When the weather’s warm and the bass are keyed in on prey items like frogs, large insects, and minnows, the time’s right to throw a popper. Easily one of the most effective bass lures in summer, poppers are effective all day, from morning to night.
New fishermen shouldn’t underestimate the power of the popper, and with the right knot and technique, they’re simply deadly.
Let’s break down the popper and get you up to speed quickly.
Table of Contents (clickable)
- How To Fish a Spinnerbait
- How To Fish a Jerkbait
- How To Fish a Crankbait
- How To Fish a Chatterbait
- How To Fish a Fluke
- How To Fish a Swimbait
What is a Popper?
The unusual head shape of a popper makes lots of ruckus, attracting bass.
A popper is an artificial lure that’s shaped more or less like a small fish. On the head, you’ll find a large, open “mouth” designed to catch water and make a disturbance as it’s ripped across the surface.
Typically, poppers wear two sets of sharp treble hooks, and many sport a small skirt to up the ante on action.
Poppers float, even when you give them a hard tug with your rod tip. They’ll drop just under the surface, create a thundering thump (to bass), and pop right back up.
Check out our top recommendations for the best poppers for bass!
How to Rig a Popper
There are two schools of thought about poppers: snug knots and loop knots. And some anglers like to use a clip, but don’t count me among them.
Big bass can’t resist a popper!
Yes, clips allow you to switch lures quickly, but when I’m catching, I’m retying enough that there’s little advantage to that method, and I recommend you follow suit, cutting and retying to keep fresh line connected to your lure.
My favorite snug knot, so named because the knot cinches down on the ring on the lure, is the Uni.
We’ve discussed the spectacular Uni knot before, and if you want to learn to tie it well, check out this article:
The Uni is secure in all line types and ties easily. Some anglers find that snug connections work better for them with poppers; others won’t consider a snug knot.
Probably your best choice for a loop knot, a knot that holds the lure with a secure loop that’s not snug against the ring, is the Kreh Loop knot.

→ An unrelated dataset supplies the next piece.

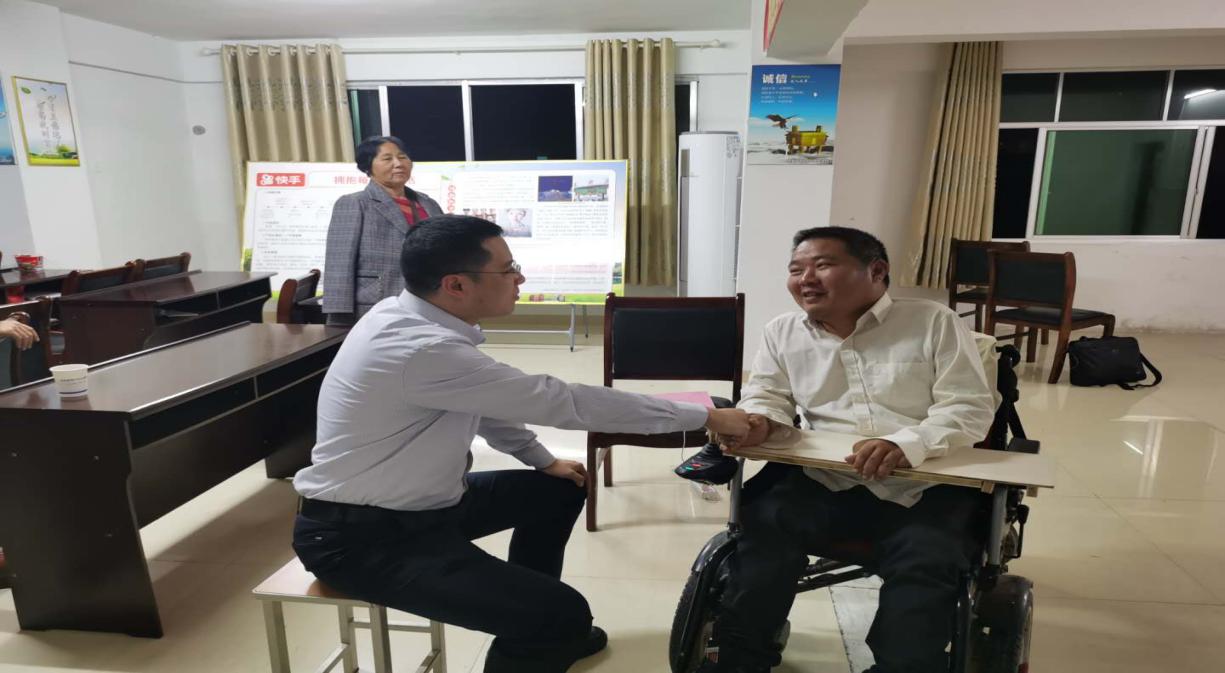 科技副县长程超夜访直播间调研指导“村播带货”培训工作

This is another knot we’ve covered thoroughly, and if you’d like to learn all about it, read this article:
The Kreh knot has some significant advantages over other loop options. It’s fast and easy to learn. It holds well in all line types. And it orients the tag end back toward the lure where it won’t catch trash like algae.
For me, loop knots allow better action from my poppers, enticing more strikes.

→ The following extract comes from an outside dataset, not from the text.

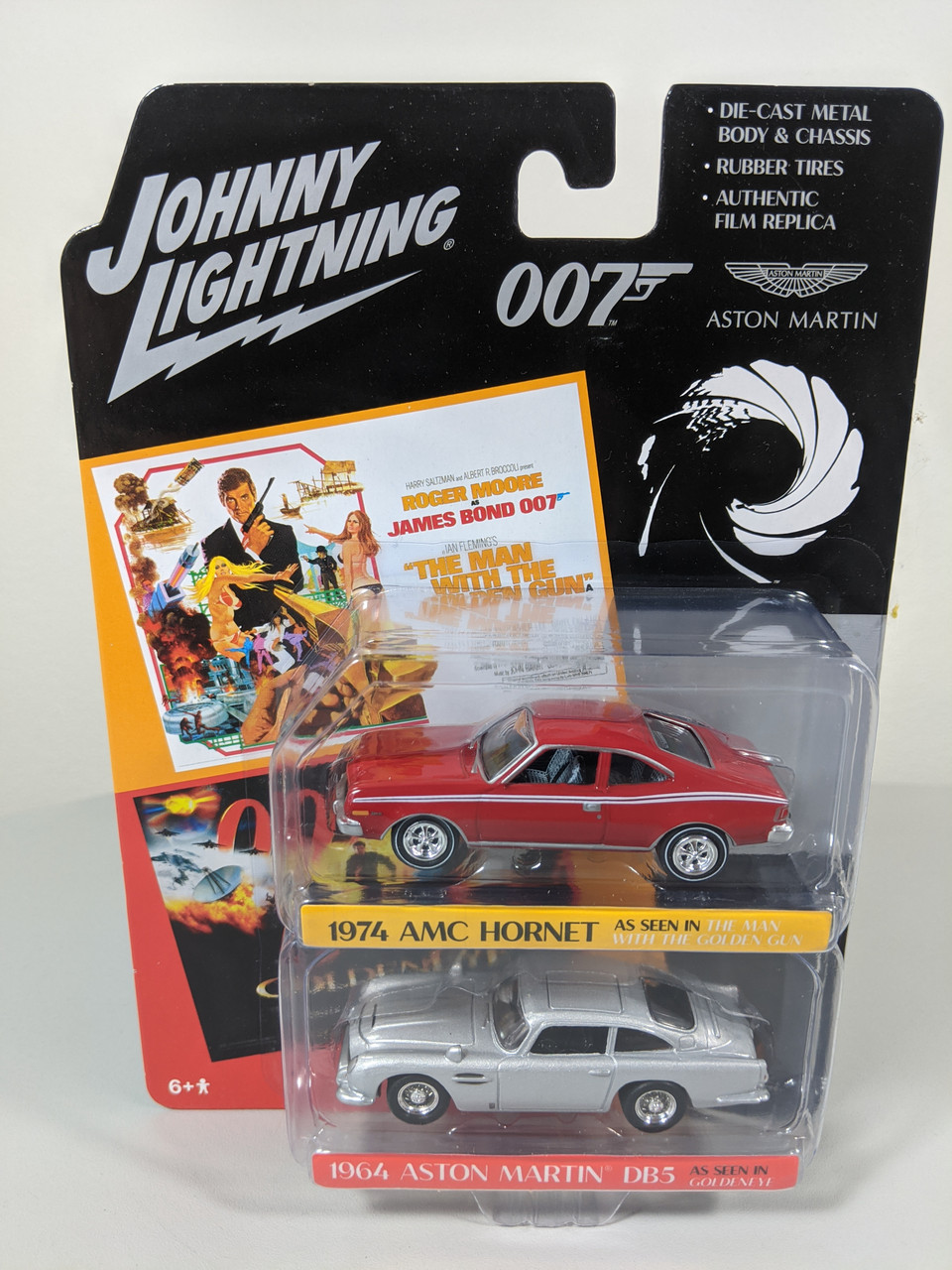 JOHNNY LIGHTNING ジョニーライトニング007 1974AMC HORNET 1964アストンマーティンDB5　2台セット未開封新品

That’s why I recommend them.
How to Fish a Popper
Once you’ve got your popper rigged, look for features like the line between shadow and sun on the water, floating lily pads, lone stumps or trees, or other isolated cover.
Then cast your popper right up against them. Accuracy matters.
Pause a second or two and let the ripples die down. Then, use one of two techniques.
The punctuated retrieve
The first is a retrieve punctuated by pauses and pops. Give your reel two or three slow cranks, then jerk the popper to create its characteristic splash and noise. Pause, then resume the slow cranking.
Repeat as necessary - and keep a tight line!
Walking the dog
The second technique is called “walking the dog.” The idea is to more or less keep the popper in the spot you cast it, right where you think a hungry bass is waiting in ambush.
With short sharp pops of your rod tip, you want to send the popper into a side-to-side dance that very slowly moves it forward. This takes some practice, but a few minutes in a pool or pond will have you working it well.
Top Popper Picks
It’s always a good idea to “match the hatch,” meaning that you want to select a popper that looks like the prime prey item where you’re fishing at that time.
If minnows are at the top of the menu, I reach for Yo-Zuri’s 3DB Popper for its hyper-realism and great action.
When the frogs are singing and leaping into the water left and right, I like Arbogast’s 2-inch Hula Popper in “Cricket Frog.” That trailing skirt creates action that triggers strikes, and it’s great for pitching near lilies.
And if there’s a secret weapon when shad are the meal of choice, it’s Strike King’s KVD Splash Hardbait in “Sexy Shad.” It’s probably the first popper I reach for when I hit the water, and I keep one handy from spring through to fall.
We hope that this article has helped you to learn a bit about poppers, and we strongly recommend that you add a few to your fishing arsenal.
They’re a devastating choice in warm water, morning, noon, dusk, and night.